• Brief:
Copy out the full listing below as it stands, with its pictures left behind.

• Recorded data:
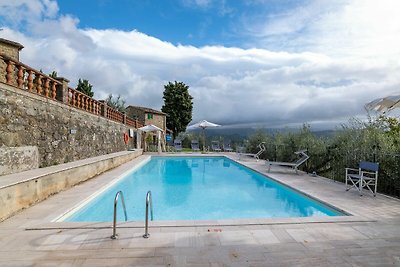 Agriturismo d'epoca con piscina, nei luoghi d...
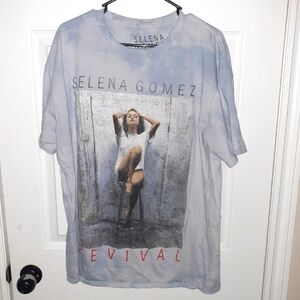 Selena Gomez XL t-shirt.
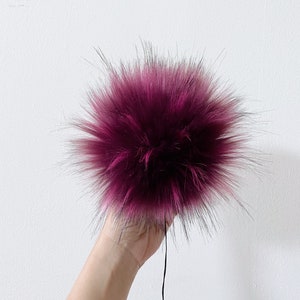 26 Pcs Faux Fur Pom Poms for Hats - 3.2 Inch Fluffy Pom Poms with Elastic  Loop for DIY Crafts, Removable Knitting Accessories for Keychains Shoes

• Exercise answer:
 Agriturismo d'epoca con piscina, nei luoghi d...
 Selena Gomez XL t-shirt.
 26 Pcs Faux Fur Pom Poms for Hats - 3.2 Inch Fluffy Pom Poms with Elastic  Loop for DIY Crafts, Removable Knitting Accessories for Keychains Shoes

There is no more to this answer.